*** MATERIAL TO PROCESS ***

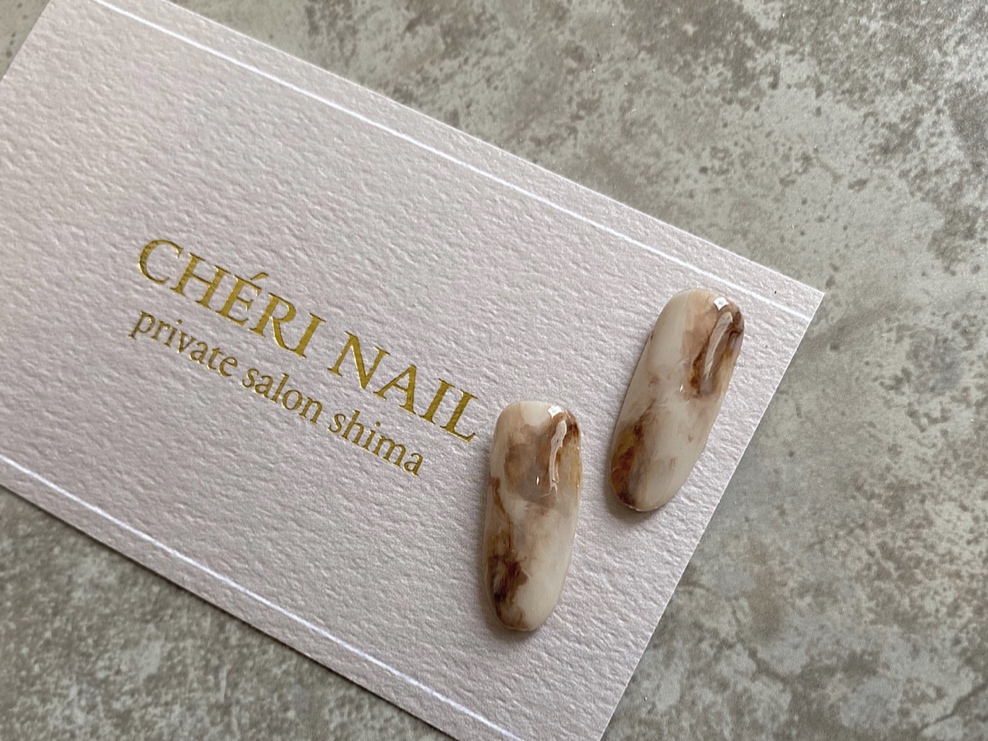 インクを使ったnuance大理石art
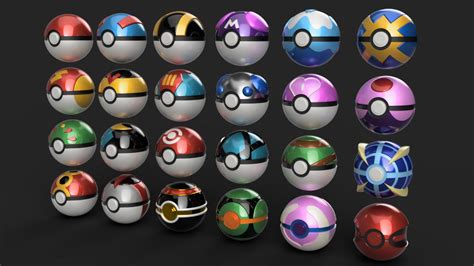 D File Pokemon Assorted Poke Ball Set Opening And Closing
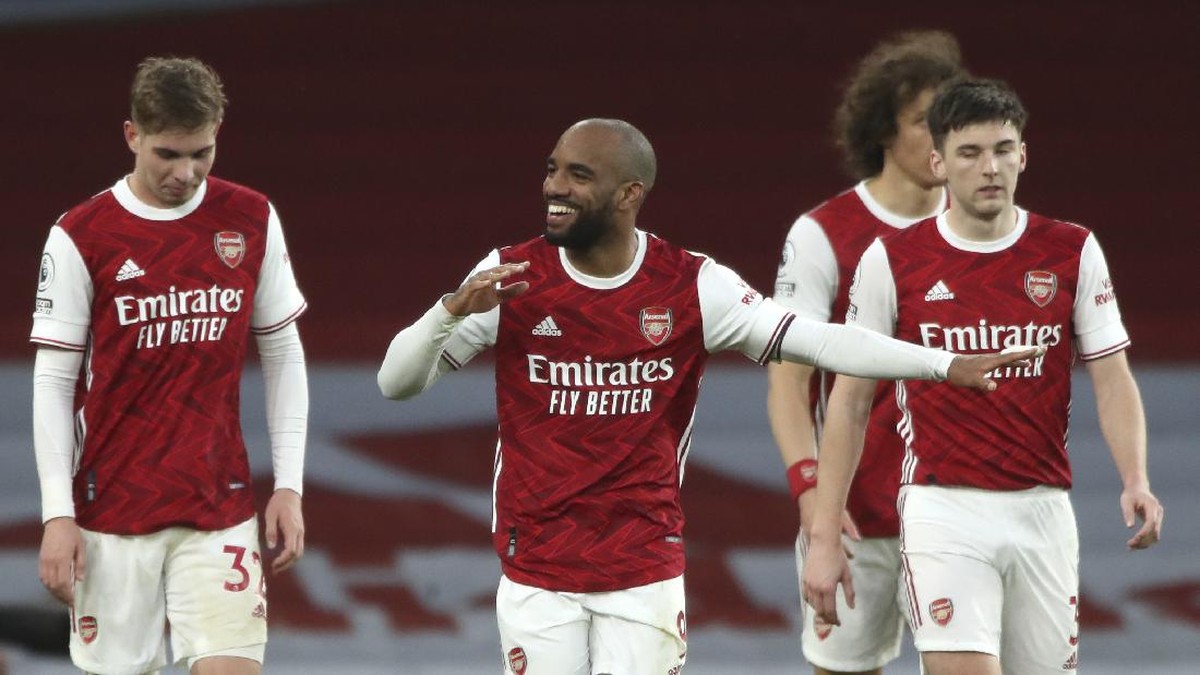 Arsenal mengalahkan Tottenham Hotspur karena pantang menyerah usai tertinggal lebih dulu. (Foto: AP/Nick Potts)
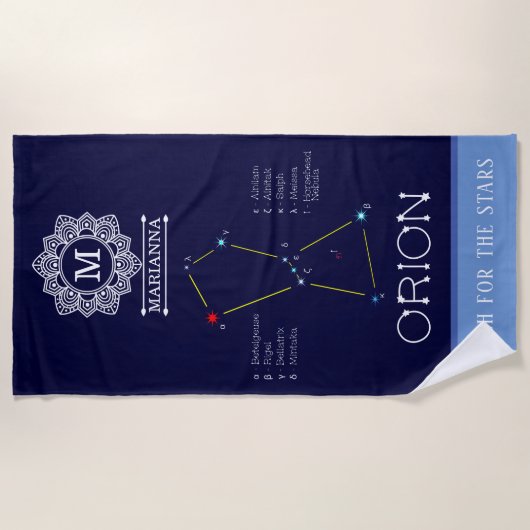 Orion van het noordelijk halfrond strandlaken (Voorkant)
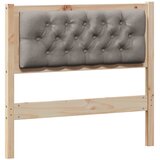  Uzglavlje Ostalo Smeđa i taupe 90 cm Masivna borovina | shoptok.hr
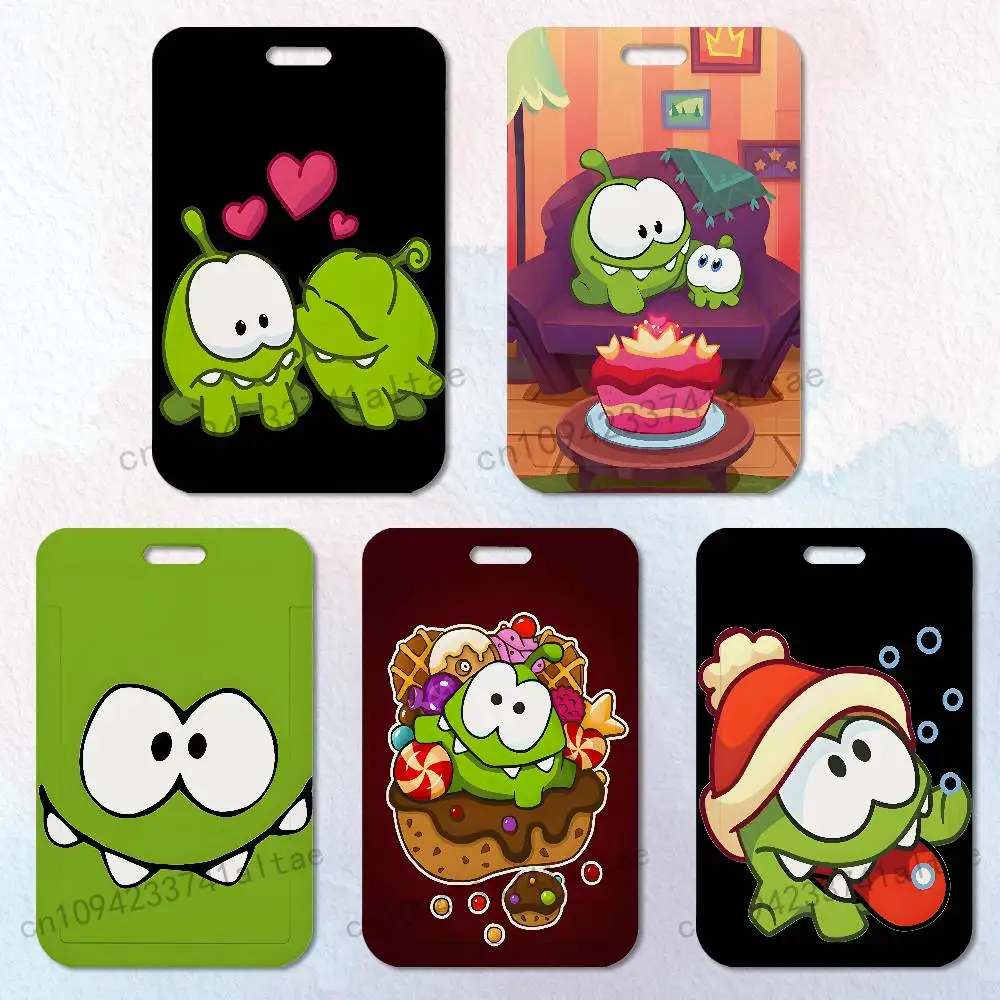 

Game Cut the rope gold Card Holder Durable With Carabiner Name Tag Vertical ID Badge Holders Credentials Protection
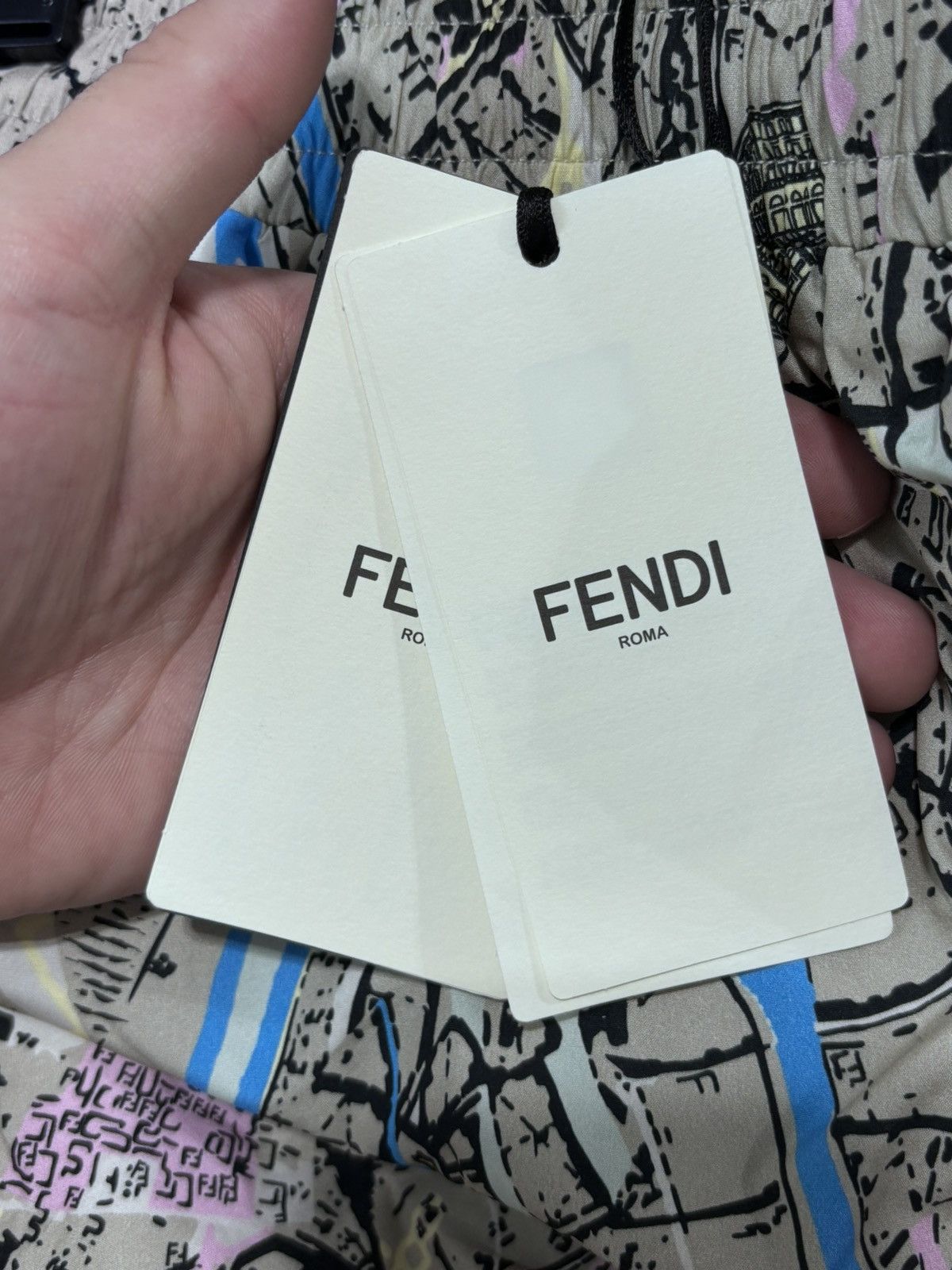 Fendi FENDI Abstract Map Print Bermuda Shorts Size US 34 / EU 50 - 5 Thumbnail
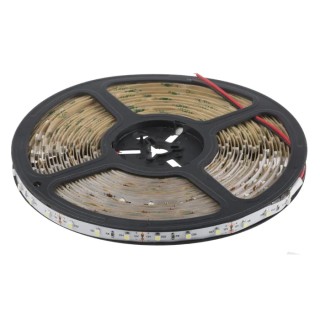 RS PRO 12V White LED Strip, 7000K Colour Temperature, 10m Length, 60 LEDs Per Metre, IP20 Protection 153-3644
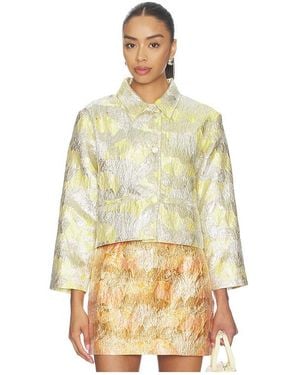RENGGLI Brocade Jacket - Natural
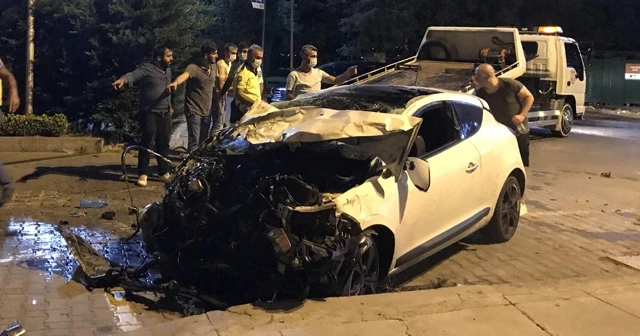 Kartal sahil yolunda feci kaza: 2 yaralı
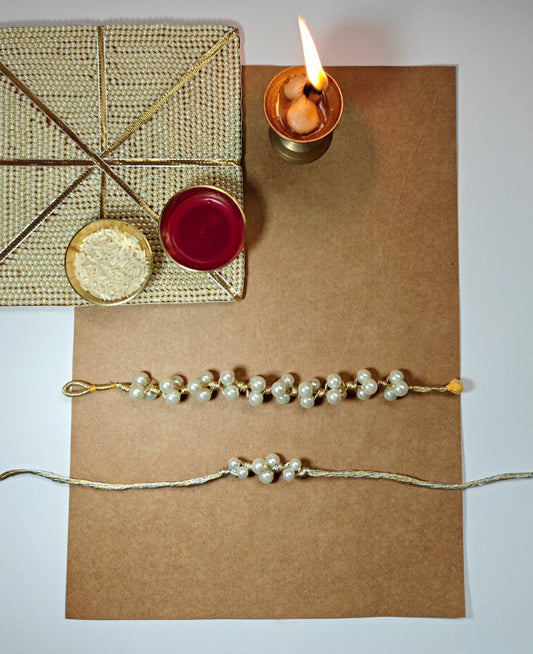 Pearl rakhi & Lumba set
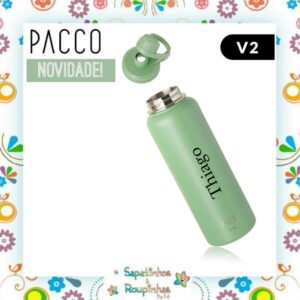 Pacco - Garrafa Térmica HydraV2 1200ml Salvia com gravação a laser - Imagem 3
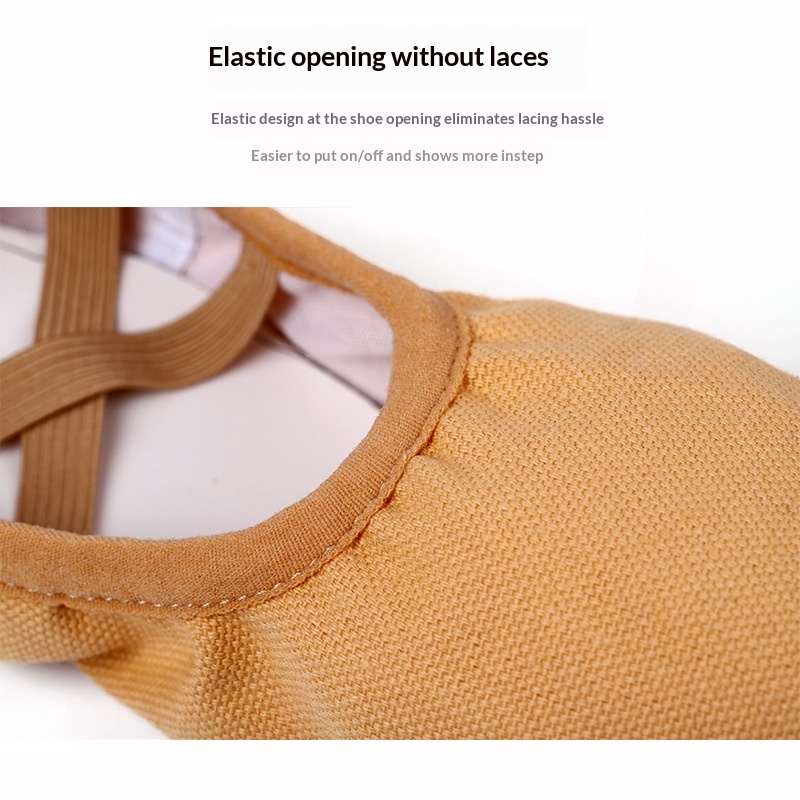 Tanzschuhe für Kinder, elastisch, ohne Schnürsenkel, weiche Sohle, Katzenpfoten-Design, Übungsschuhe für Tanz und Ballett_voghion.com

***

What are the lines above from the one with "Kartal sahil yolunda feci kaza: 2 yaralı" to the one with "Pacco - Garrafa", both included? Reproduce them exactly, without pictures.

 Kartal sahil yolunda feci kaza: 2 yaralı
 Pearl rakhi & Lumba set
 Pacco - Garrafa Térmica HydraV2 1200ml Salvia com gravação a laser - Imagem 3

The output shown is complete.